The maritime industry saw the number of total losses reported worldwide decline again 2015 to 85, which is the lowest total for a decade and the second year in a row annual losses have fallen below 100, according to an upcoming report from Allianz.
The appetite for ever-larger container ships, which has seen cargo-carrying capacity increase by 80% over the past decade, continues with 2015 seeing the entry of ships as long as four football fields, which are able to carry 19,000+ containers.
Hurricanes and bad weather was a contributing factor in at least three of the 10 largest vessels lost during 2015 including El Faro, the worst US commercial maritime disaster in decades.
Regarding piracy, for the first time in five years, the number of piracy attacks increased during 2015.
Progress continues to be made in Africa with incidents down in Nigeria and Somalia, although the risk remains high.
Attacks in South East Asia continue to increase, with this region now accounting for around 60% of global incidents.
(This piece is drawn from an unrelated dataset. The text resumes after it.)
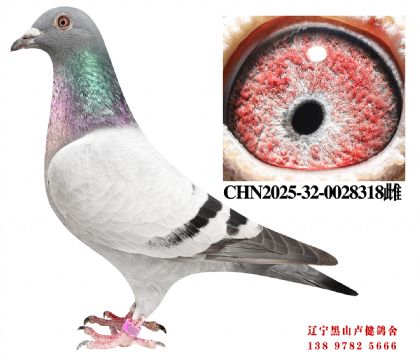 141.总教头四关冠军X奶酪698冠军直女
Vietnam is a new hotspot.
There are concerns that pirates may have caught on to the possibilities of abusing holes in cyber security to target orders for specific cargoes, and utilising automatic tracking systems before taking over the ship, disabling communications and siphoning off the cargo.
While the long-term downward trend in shipping losses is encouraging, the continuing weak global economy, depressed global commodity prices and an excess of ships are pressurising operating costs, leading to concerns about the impact this may have on maritime safety in future.
Allianz Global Corporate & Specialty will release its 2016 ‘Safety and Shipping Report’ on March, 21.